OAWS Redaktion20. April 20262 Min

Der Aluminiumpreis ist seit Beginn des Iran-Kriegs um ca. 20% gestiegen und liegt bei über 3.500 $ pro Tonne. Mehrere Schmelzwerke in der Region wurden durch Angriffe beschädigt. Gleichzeitig hat Trump die Zölle auf Aluminium auf 50% angehoben, obwohl knapp 85% des US-Bedarfs an frischem Aluminium importiert werden. Perfekt für die wenigen, die noch selbst schmelzen.

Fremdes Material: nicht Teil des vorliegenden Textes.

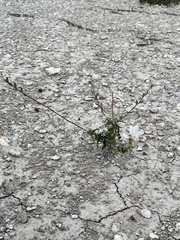 Oenothera lindheimeri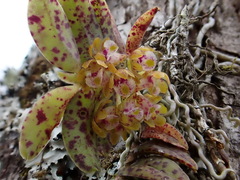 Gastrochilus raraensis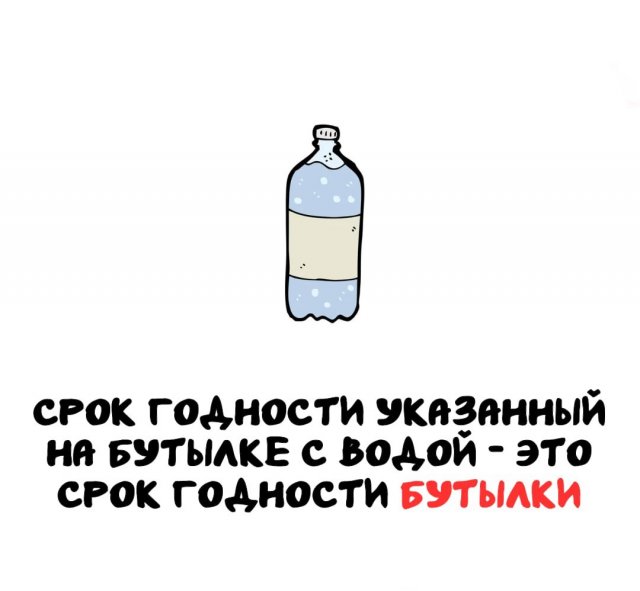 Интересные короткие факты на все случаи жизни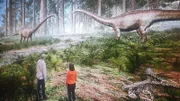 Stephen und die Expertin Dr. Susie Maidment betrachten zwei Diplodocus.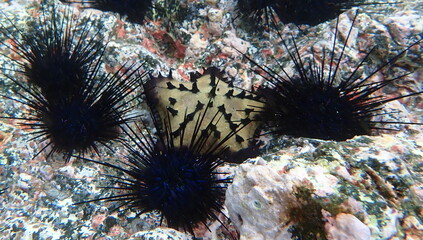 Costa Rica pacific sea life, beach life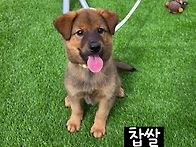 몽실몽실 찹쌀이~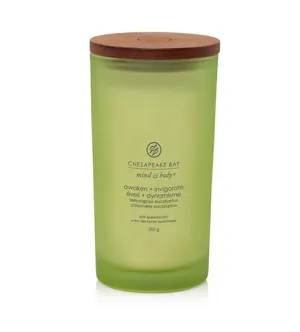 Chesapeake Bay Chesapeake Bay Awaken + Invigorate vonná svíčka pro muže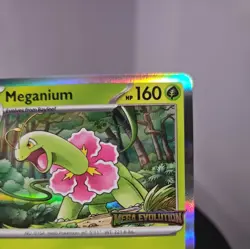 Meganium 001 - ME: Mega Evolution Prerelease Stamped Promo Holo Pokemon Mint - Image 5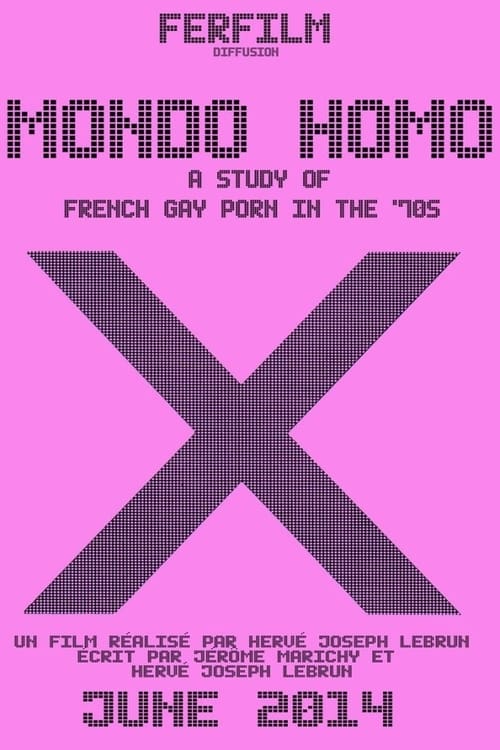 Mondo Homo: A Study of French Gay Porn in the '70s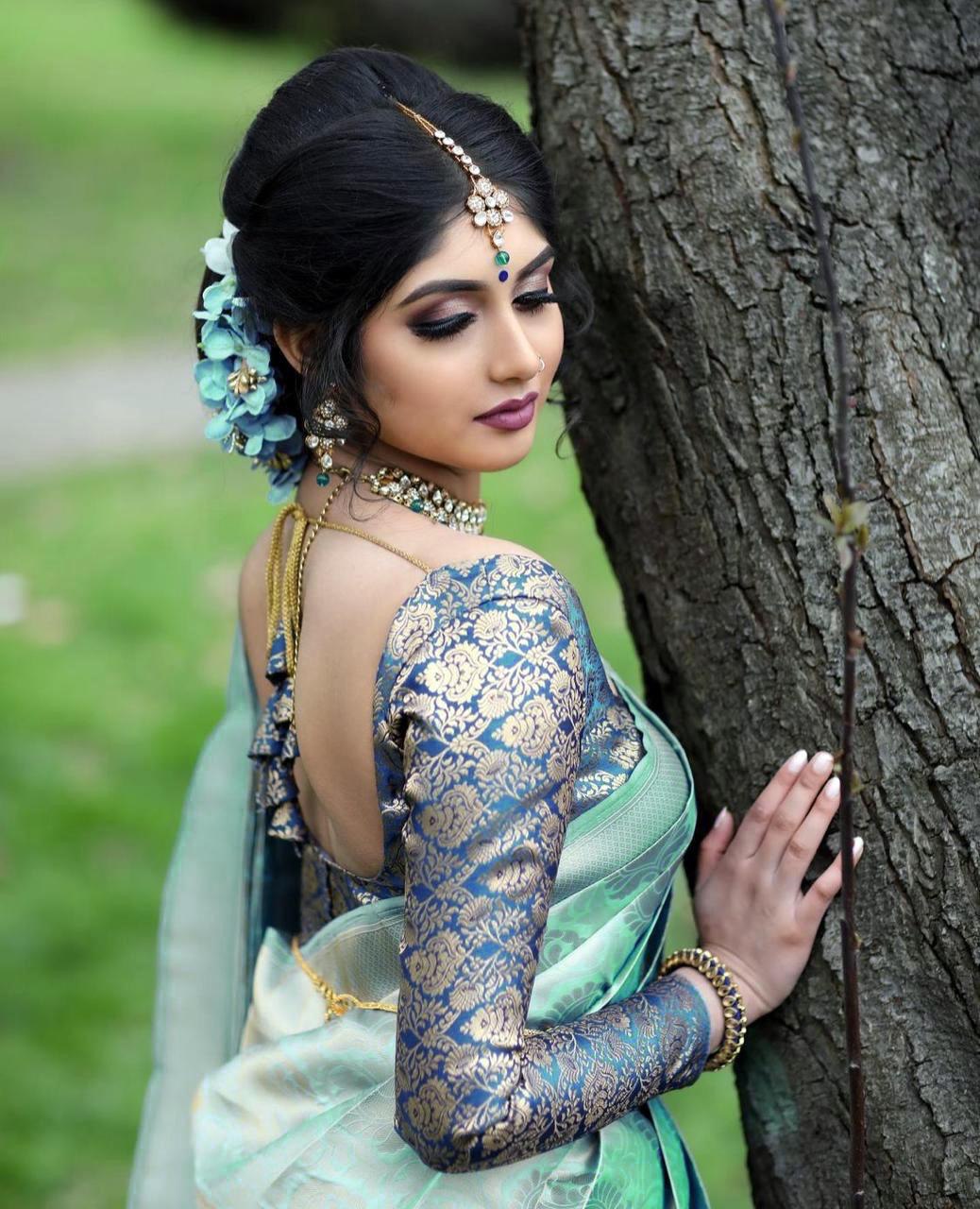 kanchipuram pattu saree with blouse
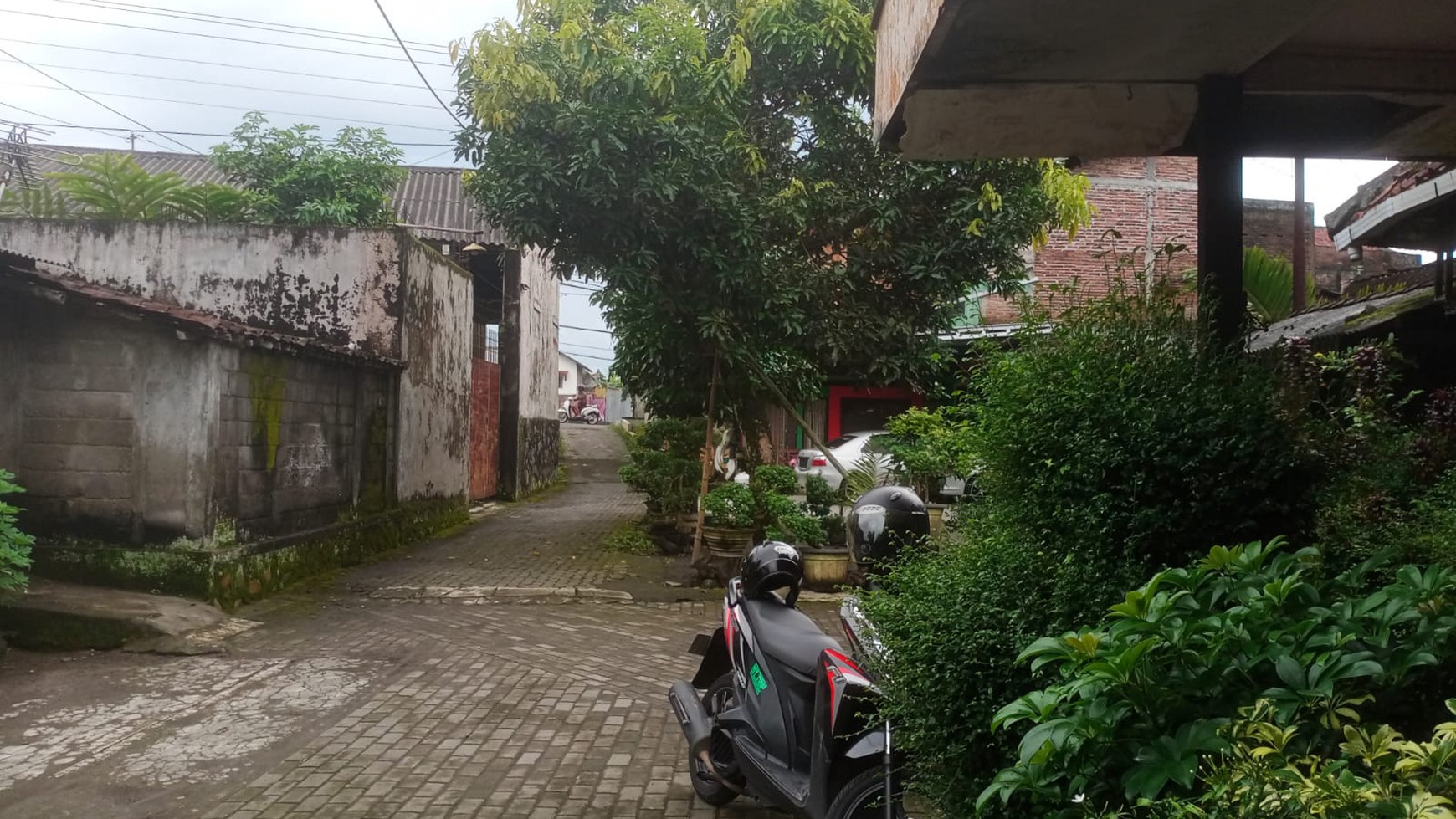 Rumah Luas Dekat Kampus Univ. Muhammadiyah Magelang, Mertoyudan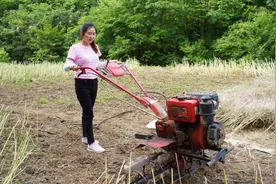 农村又到了打菜籽的季节，老爸想出一个新方法，10分钟就搞定了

Davon gibt's nur zwei börsennotierte Player: Alcoa und Century Aluminum. Von über 20 Schmelzen um die Jahrtausendwende sind nur noch vier übrig. Der Grund: Eine einzige Schmelze verbraucht so viel Strom wie eine mittelgroße Stadt.

Der Plan: Century will bis ca. 2030 zusammen mit einem Hersteller aus den Emiraten für über 4 Mrd. $ die erste neue US-Schmelze seit fast 50 Jahren bauen. Century hält 40% an der Anlage. Kapazität: bis zu 750.000 Tonnen pro Jahr, das würde die gesamte US-Schmelzkapazität mehr als verdoppeln.

Das Potenzial: Selbst wenn die Zölle auf 10% sinken und der Alu-Preis auf 2.700 $ fällt, sollte Century mit seinem Anteil über 800 Mio. $ zusätzlichen Umsatz machen. Bei aktuell 2,5 Mrd. $ wären das über 30% Wachstum.

Die Bewertung: Century kommt auf einen Börsenwert von 6,5 Mrd. $ und ein erwartetes KGV von nur 6,5. Aber: Eine alte Börsenweisheit sagt, dass man zyklische Firmen eher bei hohem KGV kaufen soll. Ein tiefes KGV heißt hier: Investoren glauben, dass gerade eine sehr gute Phase ist, die nicht lange so bleibt.

Stabilität durch Glencore: Der 90 Mrd. $ schwere Rohstoff-Gigant hält rund ein Drittel der Century-Aktien, liefert den Großteil des Rohmaterials und kauft über die Hälfte der fertigen Ware zurück. Das macht Century abhängig, sorgt aber auch für Planbarkeit.

Am Ende ist es ein Business, das extrem am Alu-Preis hängt. Man wettet hier eher auf Politik und Rohstoffentwicklungen als auf die Qualität der Firma an sich.